Non-bipartite graphs without theta subgraphs

TL;DR

This paper investigates the maximum size and spectral radius of non-$r$-partite graphs avoiding a specific theta subgraph, proving a subset relation and characterizing extremal graphs for large $n$.

Contribution

It proves the subset relation between spectral and classical extremal graphs for theta subgraphs and characterizes all extremal graphs in this class for large $n$.

Findings

Spectral extremal graphs are contained within classical extremal graphs for theta subgraphs.

Complete characterization of extremal graphs for large $n$.

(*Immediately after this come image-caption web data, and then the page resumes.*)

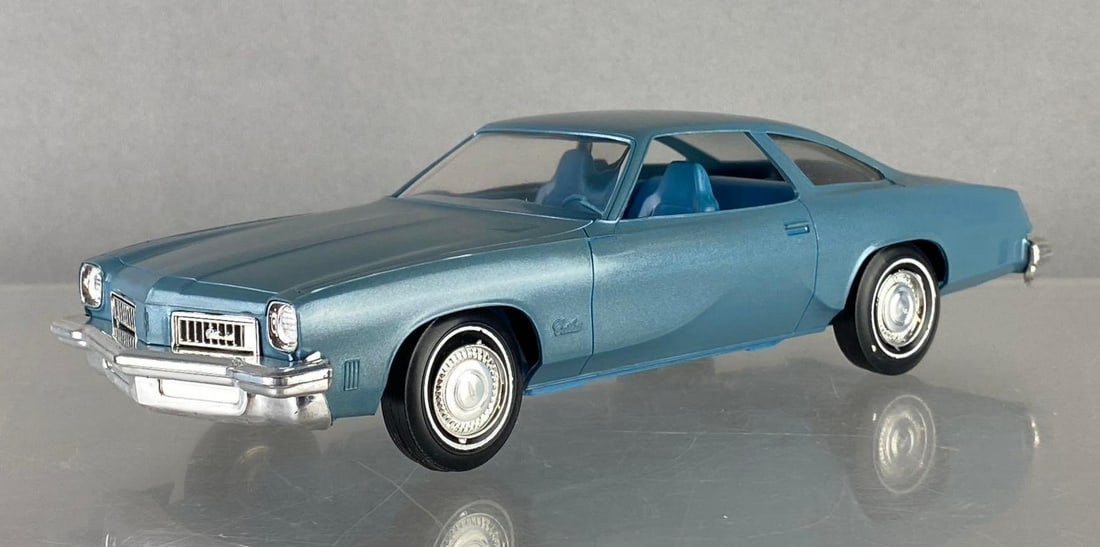 1974 Oldsmobile Cutlass 1/25th Scale Dealership Promo Car: Made by Jo-Han.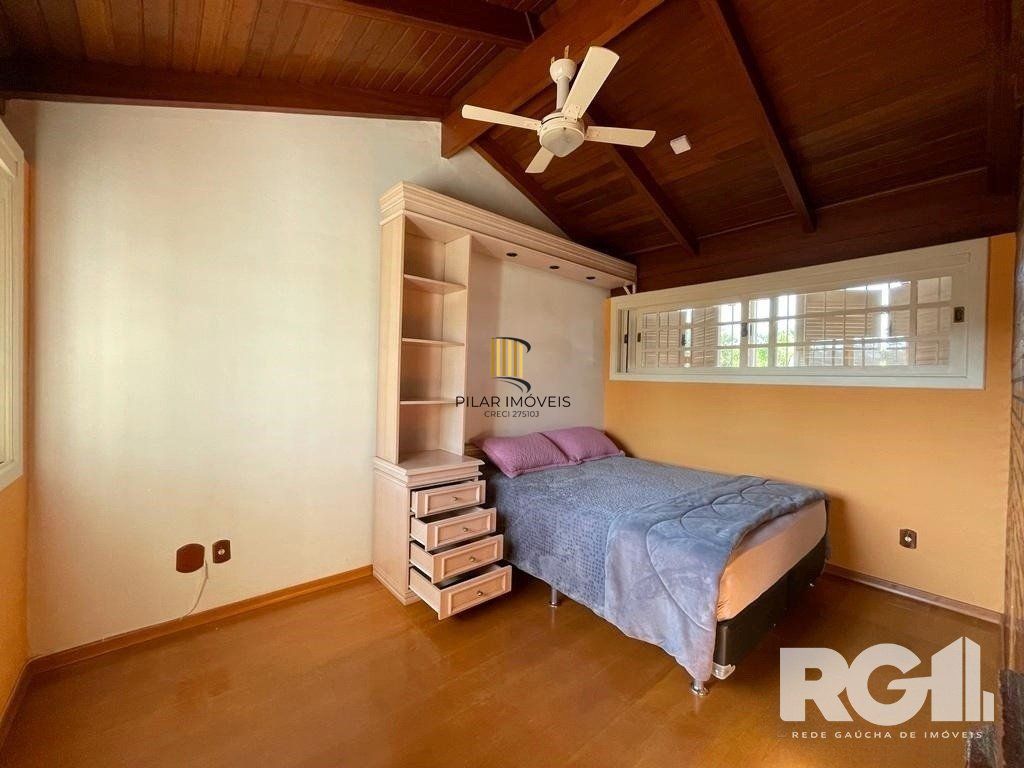 Casa 3 dormitórios no bairro Vila Cachoeirinha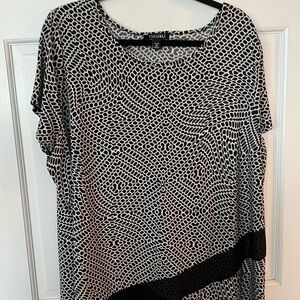 Roz & Ali Black and White Geometric Blouse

Extension of known results from complete graphs to theta subgraphs.

Abstract

Fix a color-critical graph $H$ with $\chi(H)=r+1\geq 3$. Simonovits' chromatic critical edge theorem and Nikiforov's spectral chromatic critical edge theorem imply that $T_{n,r}$ is the extremal graph with the maximum size and the maximum spectral radius over all $H$-free graphs of order $n$, respectively. Since $T_{n,r}$ is $r$-partite, it is interesting to study the Tur\'{a}n number and the spectral Tur\'{a}n number of a color-critical graph $H$ in non-$r$-partite graphs. Denote by ${\rm EX}_{r+1}(n,H)$ (resp. ${\rm SPEX}_{r+1}(n,H)$) the family of $n$-vertex $H$-free non-$r$-partite graphs with the maximum size (resp. spectral radius). Brouwer showed that any graph in $\mathrm{EX}_{r+1}(n,K_{r+1})$ is of size $e(T_{n,r})-\lfloor\frac{n}{r}\rfloor+1$ for $n\geq 2r+1$. Lin, Ning and Wu [Combin. Probab. Comput. 30 (2) (2021) 258--270], and Li and Peng [SIAM J. Discrete Math. 37 (2023) 2462--2485] characterized the unique graph in $\mathrm{SPEX}_{r+1}(n,K_{r+1})$ for $r\geq 2$. Particularly, the unique graph is of size $e(T_{n,r})-\lfloor\frac{n}{r}\rfloor+1$. Thus $\mathrm{SPEX}_{r+1}(n,K_{r+1})\subseteq \mathrm{EX}_{r+1}(n,K_{r+1})$. It is natural to conjecture that ${\rm SPEX}_{r+1}(n,H)\subseteq {\rm EX}_{r+1}(n,H)$ for arbitrary color-critical graph $H$ with $\chi(H)=r+1\geq 3$. Fix $q,r\geq 2$ with even $q$, a theta graph $\theta(1,q,r)$ is obtained from internally disjoint paths of lengths $1,q,r$, respectively by sharing a common pair of endpoints. In this paper, we prove that $\mathrm{SPEX}_{3}(n,\theta(1,q,r))\subseteq \mathrm{EX}_{3}(n,\theta(1,q,r))$ for sufficiently large $n$. Furthermore, we determine all the graphs in $\mathrm{SPEX}_{3}(n,\theta(1,q,r))$ and $\mathrm{EX}_{3}(n,\theta(1,q,r))$, respectively.